Ci sono ferite che non si rimarginano mai. Nonostante lo scorrere degli anni e a dispetto della vita che a volte ritrova vigore dopo eventi tragici.
Certe ferite restano, magari invisibili perché nascoste nel cuore delle persone, per tutta la vita. Non è vero che i bambini dimenticano più facilmente: Lea e Daniele Nissim, due fratellini ebrei segnati dalla persecuzione degli anni della guerra non hanno dimenticato. Neppure coloro che li hanno salvati, grazie alla rete di protezione messa in atto a Varese da Calogero Marrone con Alfredo Brusa Pasquè e alcuni sacerdoti della Parrocchia di San Vittore. Marrone, per il tramite della coraggiosa staffetta Anna Sala, procurò i documenti che attribuivano loro una nuova identità: da ebrei in fuga risultarono essere parte di una famiglia proveniente da Caserta, città posta sotto la linea gotica.

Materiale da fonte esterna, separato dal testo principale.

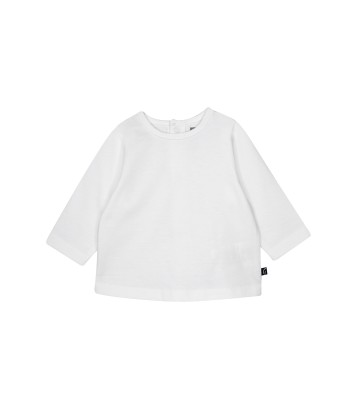 TSHIRT SALOPETTE ROSIE Sucre Orge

Il costruttore milanese Giacinto De Grandi offrì loro come rifugio la sua casa di campagna a Cunardo, paese che li custodì nei duri mesi della recrudescenza nazifascista.
Lea e Daniele hanno un cognome significativo, Nissim, “miracolo” in ebraico. Da Varese sarebbero solo dovuti passare mentre erano diretti in Svizzera insieme con la madre, il padre Paolo, rabbino capo di Padova, la zia e la nonna.
Fermati nella nostra città, si salvarono grazie alla solidarietà di tante persone, non ultimi gli abitanti di Cunardo che li sostennero mantenendo il segreto della loro provenienza. Racconta Lea che quando i compagni di gioco di Cunardo le chiesero il nome, lei rispose che si chiamava Lea e che veniva da Padova, ma non doveva dirlo a nessuno!
Finita la guerra, la famiglia Nissim ritornò a Padova dove cercò di riprendere una vita normale. Pochi anni dopo andò a vivere nella terra dei padri, in Israele, dove oggi Lea e il fratello minore Daniele vivono con le rispettive famiglie allargate.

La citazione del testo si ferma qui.